I can test what you want, but because of exams I won't have much time, I'll
try whatever as soon as I can.

mcarni (mcarni) wrote :

Hi,

I have the same wifi card, and the same problem when trying to rmmod iwl 3945.
I would be happy to help with some testing, but I am afraid I need some assistance, I know some of the baics but I am not a linux expert.
Should I try to use the kernel suggested by Stefan Bader? (If so is there a guide I can follow to replace the standard kernel with that one?) Or is there anything else you want me to do?

let me know

Michele

Andres Mujica (andres.mujica) wrote :

Michele, no problem. We need you to test the Stefan kernel. So what you've got to do is:

For an i386 kernel click on

http://people.ubuntu.com/~smb/bug345710/linux-image-2.6.28-13-generic_2.6.28-13.44bug345710v1_i386.deb

It would prompt you to install using Gdebi the package you're about to download, you must say yes.

After the download is completed, the Gdebi would pop up giving you a warning about a more recent version installed. Just clic accept, and then clic on Install Package.

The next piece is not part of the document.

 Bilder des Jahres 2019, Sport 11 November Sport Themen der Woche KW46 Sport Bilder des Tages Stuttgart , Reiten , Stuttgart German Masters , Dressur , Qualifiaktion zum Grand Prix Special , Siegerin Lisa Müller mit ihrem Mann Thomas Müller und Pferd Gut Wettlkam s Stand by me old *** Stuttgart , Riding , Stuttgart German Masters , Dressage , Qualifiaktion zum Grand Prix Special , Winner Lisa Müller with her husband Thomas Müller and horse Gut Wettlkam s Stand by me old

Once installed, reboot your system. Be sure to select the new kernel that appears at Grub menu. The system would boot normally.

Then make the test procedure again (rmmod iwl3945) and report here how it went.

(if you're using 64bits use the other kernel available there)

Andres Mujica (andres.mujica) wrote :

well.. i just test (haven't had the chance before) and it panics here. Didn't have response to SysRq keys either.

uname -a
Linux tecnica 2.6.28-13-generic #44bug345710v1 SMP Wed Jun 10 17:20:27 CEST 2009 i686 GNU/Linux
lspci -nn | grep -i Wireless
0c:00.0 Network controller [0280]: Intel Corporation PRO/Wireless 3945ABG [Golan] Network Connection [8086:4222] (rev 02)

I don't have l-bm installed.

I'll check with Mainline kernel and with Karmic and report back.

Michele, please tell us about your test so we can confirm the issue is alive.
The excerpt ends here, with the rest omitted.